第39章

绿豆百合汤是姜听雨从小喝惯的, 每年暑期林静怡都会准备,喝了这么多年,姜听雨也没有喝腻。

她想着谢霁淮降温需要时间, 就刻意拖慢了进度,一小碗喝完已经过去了二十来分钟。

放下瓷勺, 姜听雨眼前浮现谢霁淮递过来的纸巾,她愣了愣, 僵硬地伸手去接, 指尖不可避免地触碰到他的手指。

脑海里忽地跳出他弄她时不可言喻的画面,一时间, 指尖像是被烈火灼烧, 热得发烫。

“谢谢。
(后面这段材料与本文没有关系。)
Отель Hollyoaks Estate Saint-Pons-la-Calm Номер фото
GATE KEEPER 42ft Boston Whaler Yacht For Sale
”她迅速抽回手,羞赧地绞着纸巾。

薄薄的一张纸, 被她弄得皱皱巴巴。

姜听雨随意地擦拭唇角,没注意唇瓣微肿,力气稍微过了头, 弄疼了唇珠。

她倒吸一口气,精致的眉心紧紧蹙起。

谢霁淮将冰袋敷到她的唇上,过了一会儿,才轻声道:“好点了吗?”

冰袋被他的掌心温度捂化了些, 贴在唇瓣时并没有刺骨的寒意, 反而凉凉的很舒服。

姜听雨水眸凝视着男人,轻轻地点头。

唇瓣的肿胀好像已经消下去了, 没有了那种酥麻的感觉。

她往后躲了下,离开了冰袋, 软着声音问:“谢霁淮,我的唇是不是不肿了?”

谢霁淮收回手, 目光深邃如深不见底的潭水,倏然晕染出一抹笑,喑哑着嗓音哄她:“离近点让我看看。”
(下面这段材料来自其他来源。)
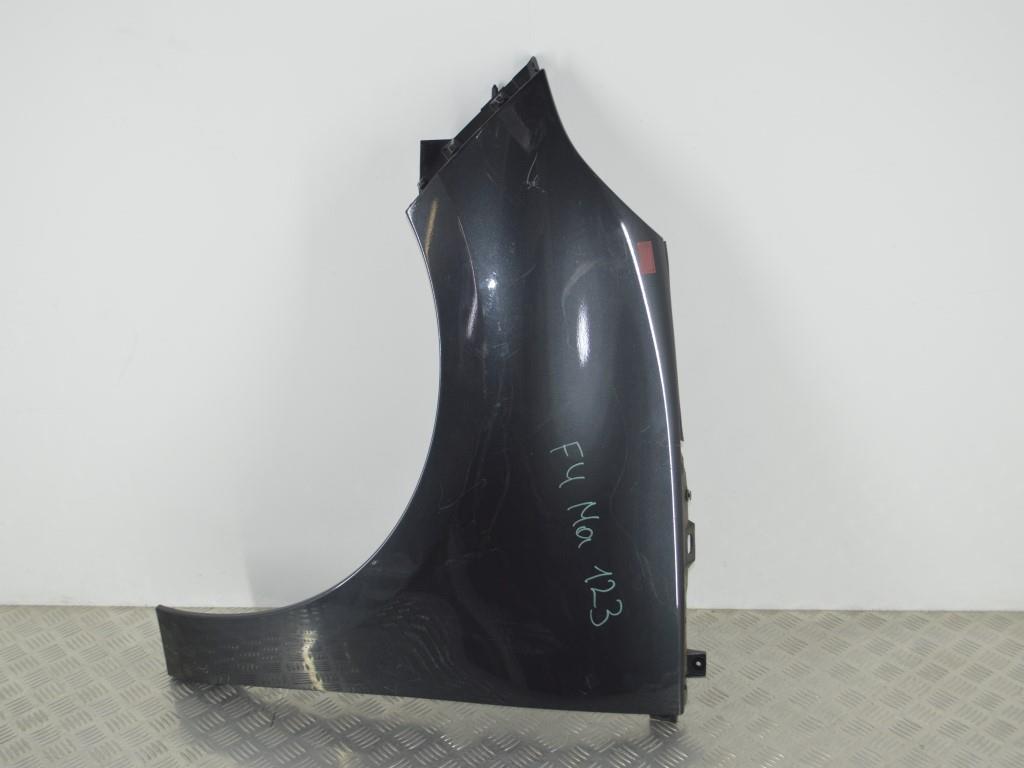 Крыло переднее левое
姜听雨不疑有他,乖乖将脸送到他跟前,好让他看得仔细。

“还肿吗?”

女孩眸光清澈透亮,纯洁无暇。

她太过干净,像是尘灰不染的天空,又像是洁白一片的雪地,光是用眼睛去看,都是种亵渎。

而他,却生出过分的,罪恶的,不可被她知晓的欲..望。

谢霁淮喉结轻滚,眼底被压抑下去的占有欲又再次沸腾,他松了冰袋,用那只手的指尖去碰她。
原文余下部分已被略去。